Perpustakaan lengang sekali. Membuat seolah kami berada pada tempat paling terpencil di bagian bumi ini, meski nyatanya perpustakaan memang suatu tempat yang bisa dibilang terpencil jika sekolah diibaratkan sebagai suatu planet. Keberadaan yang hanya berdua saja ini, menyisakan perasaan ganjil yang tak kupahami. Aku sempatkan mataku untuk membaca bagian kalimat akhir di lembar yang tengah kubaca, lalu kemudian membaliknya.
"Tahu. Novel karya Andrea Hirata, kan?"

"Uhm. Pernah baca?"

"Ngga. Satu-satunya novel Andrea Hirata yang pernah aku baca cuma Laskar pelangi."

"Jadi darimana kamu tahu ini novel Padang Bulannya Andrea?" Dia dan aku. Kami, melakukan perbincangan meski tanpa tatapan. Dia sibuk dengan novelnya, begitu pula aku. Tapi yakinlah, meski begini, bukan berarti aku tak menghargai percakapan ini. Aku bahkan lebih mengencangkan indra pendengaranku dari pada indra penglihatanku tanpa alasan khusus yang terjelaskan.
"Aku kenal seseorang yang suka sekali dengan novel yang kamu baca itu. Mungkin lebih tepatnya, dia memang selalu suka dengan semua karya Andrea."

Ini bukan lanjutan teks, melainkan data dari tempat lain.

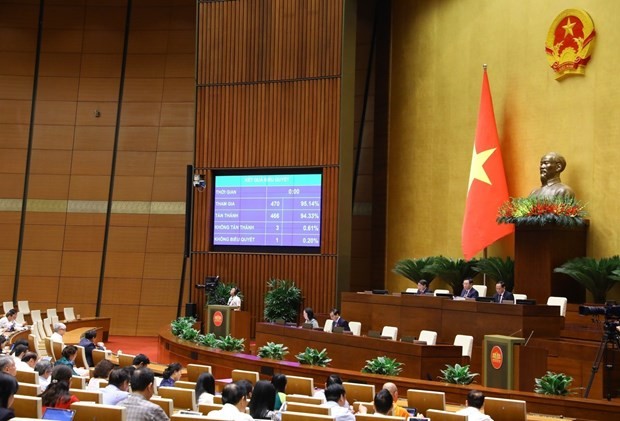 National Assembly approves comprehensive salary reform - ảnh 1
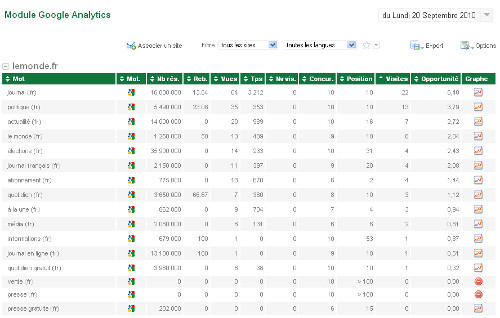 api google analytics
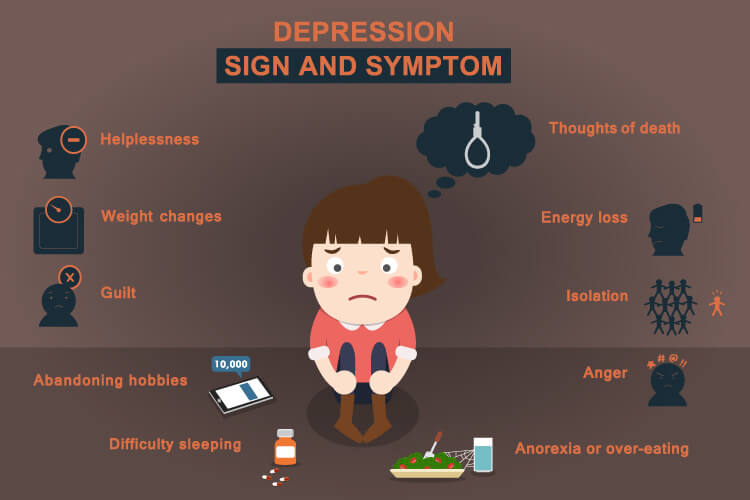 depression signs and symptoms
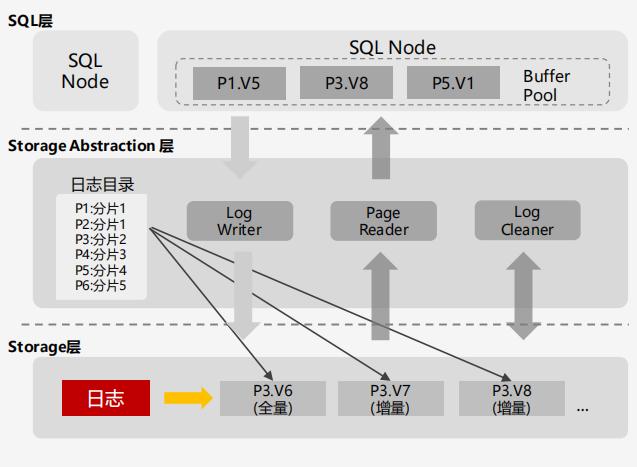 单向图 mysql数据库_图解云数据库GaussDB(for MySQL)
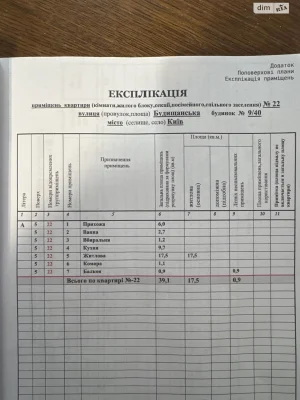 Продажа Квартиры Деснянский
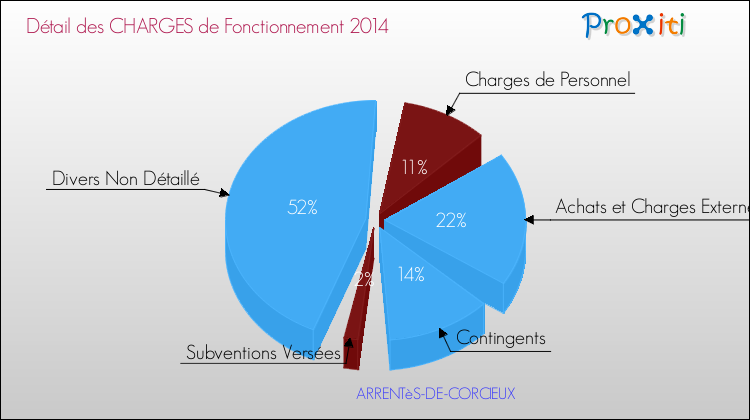 Décomposition des Charges de Fonctionnement 2014 de la commune de ARRENTèS-DE-CORCIEUX Charges de Fonctionnement 2014 pour la commune de ARRENTèS-DE-CORCIEUX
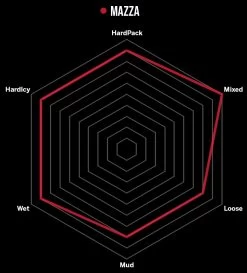 Vittoria Mazza 29" 2-ply TLR Graphene 2.0 Faltreifen -MTB Teile Verkauf Mazza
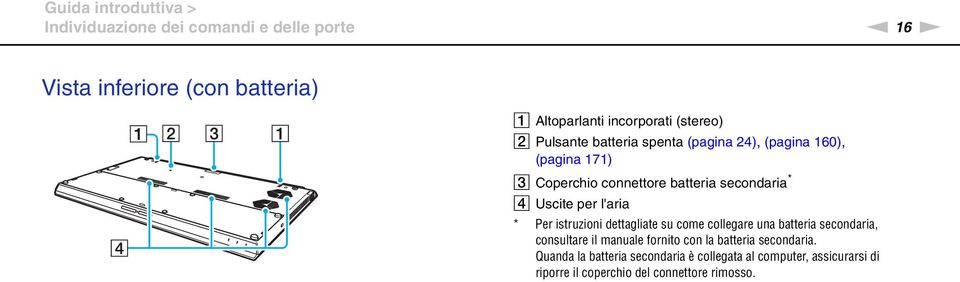 Uscite per l'aria * Per istruzioni dettagliate su come collegare una batteria secondaria, consultare il manuale fornito con la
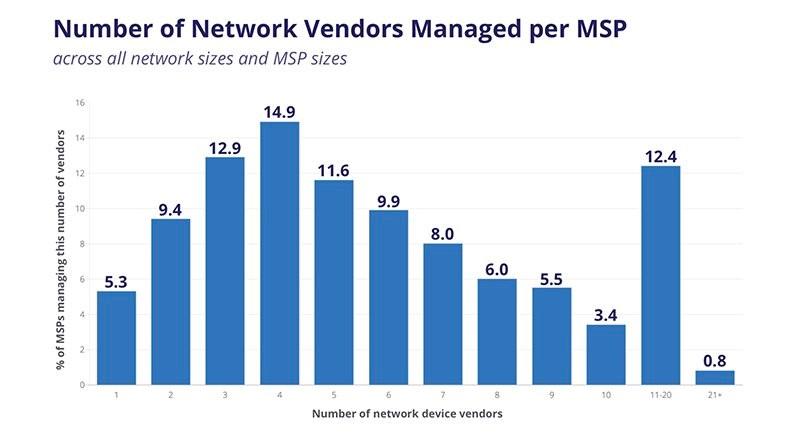 Grafico numero di brand device di networking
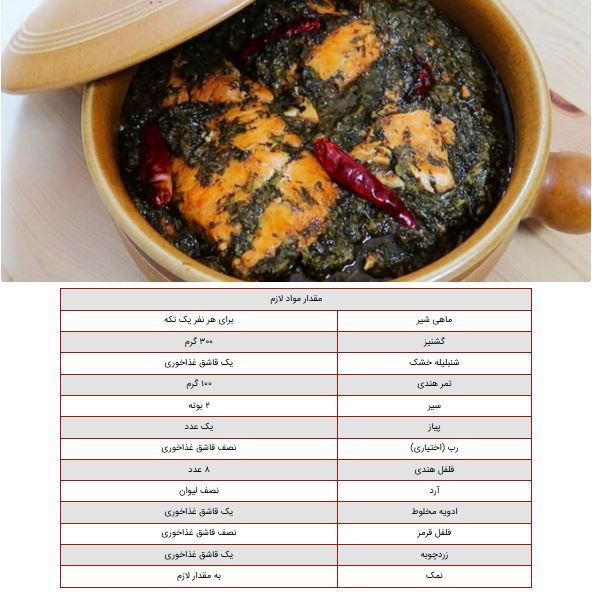 قلیه ماهی رو اینجوری درست کن تا همه ازت تعریف کنن!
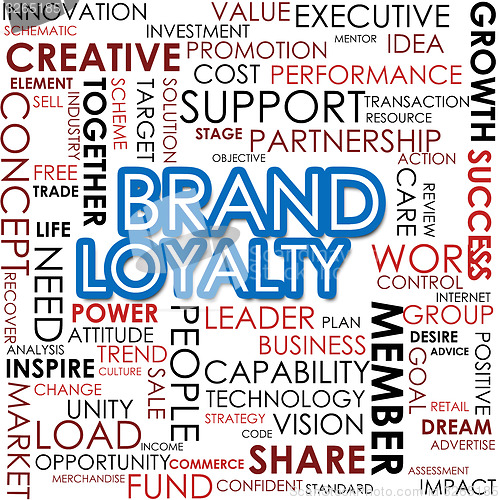 Image of Brand loyalty word cloud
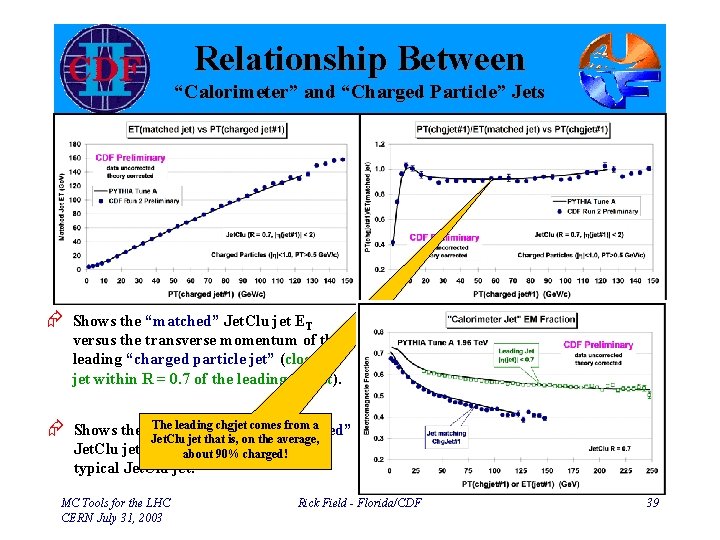 Relationship Between “Calorimeter” and “Charged Particle” Jets Æ Shows the “matched” Jet. Clu jet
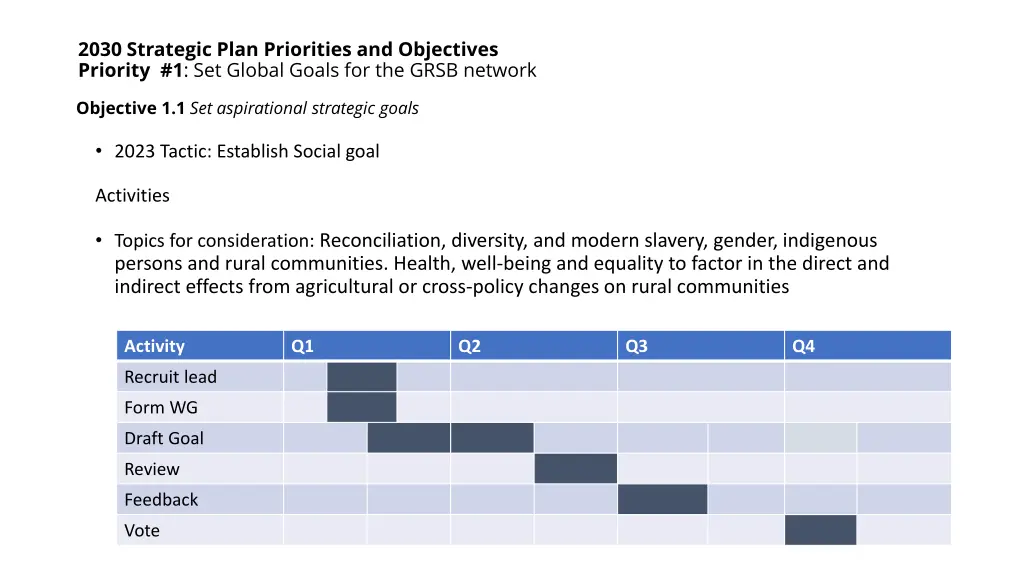 2030 strategic plan priorities and objectives 1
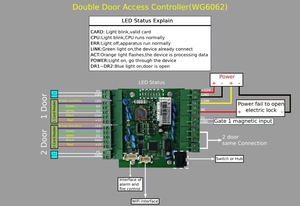 LBSON Time presenzial Software 2 porte RFID Wiegand porta controllo accesso SDK pannello di controllo controllo di accesso intelligente TCP/IP - Product Image 4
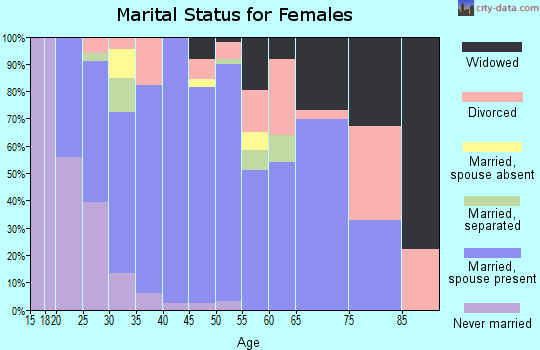 Zip code 74039 marital status for females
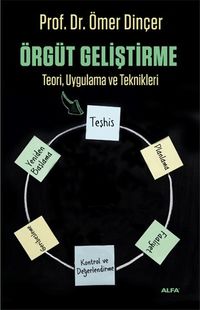 Örgüt Geliştirme & Teori Uygulama ve Teknikleri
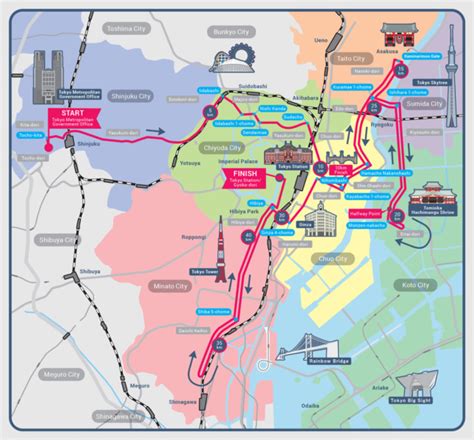Athletics at the 2020 summer olympics will be held during the last ten days of the games. See how the city terrain within the World Marathon Majors ...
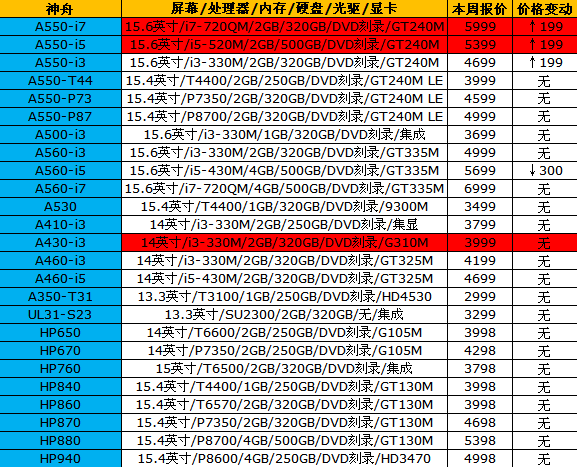 16品牌笔记本报价 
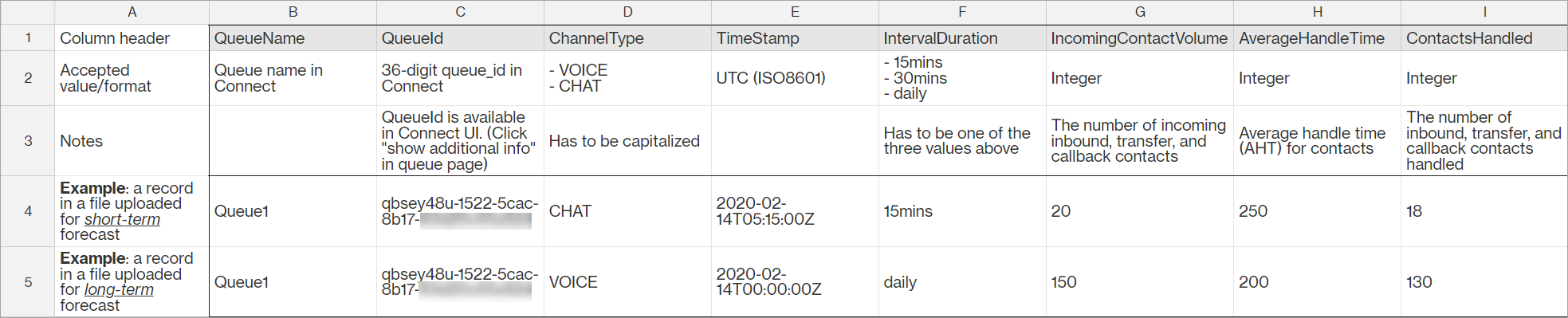 Dados de exemplo em um arquivo csv, aberto no Excel.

"Orang spesial?" Kegiatan membacaku terhenti untuk beberapa detik, sebelum akhirnya aku kembali menulusuri kalimat di novel ini.

"Jujur saja, aku tak paham orang spesial seperti apa yang kamu maksud. Bisa jadi pengertian orang spesial menurutmu berbeda jauh dengan pemahaman mengenai orang spesial bagiku. Jadi yah, jika kamu tanya apakah dia orang spesial, maka jawabanku, ya."

"Aku tak pernah berpikir bahwa pertanyaanku tadi bisa menimbulkan beragam makna."

"Kenapa tidak? Bahkan kata 'atau' sekalipun bisa memberikan arti lebih dari satu."

"Kamu memang selalu sesulit ini ya?" Aku mengernyit dalam, bingung sampai pada titik di mana hasrat untuk menatap lawan bicaraku ini tak terbendung lagi, meski sang pemberi pertanyaan tak teralihkan sama sekali dari bacaannya.

"Maksudnya?"

"Kamu terlalu takut bahwa pikiranmu tak memberikan jawaban yang benar."

Diam. Aku bahkan tak tau harus menjawab apa. Yang kutau saat itu aku hanya langsung tertawa hingga ibu penjaga perpustakaan menegur kebisingan yang kubuat. Dapat kulihat dia memperhatikanku dengan seksama. Biarlah, biarkan hanya tawa sebagai saksi atas kebodohanku untuk tanyanya.

Setelah itu keheningan kembali menyelimuti atmosfer di antara kami. Aku kesulitan bernapas, ingin rasanya aku berlari dari ruangan ini kemanpun agar bisa melancarkan sistem pernapasanku. Berada bersama Guntur memang menyenangkan, dia selalu punya daya tarik dalam tuturnya yang membuatku nyaman untuk bertanya, bercerita, ataupun membantah kalimatnya. Bukan hanya saat kami sedang berdua, di dalam kelas pun begitu, tak jarang terjadi debat antara kami berdua dalam suatu mata pelajaran, dan dia cerdas, itu kesimpulan yang kutarik sejak melihat keaktifannya dari semenjak dia pindah ke sekolah ini dua minggu yang lalu.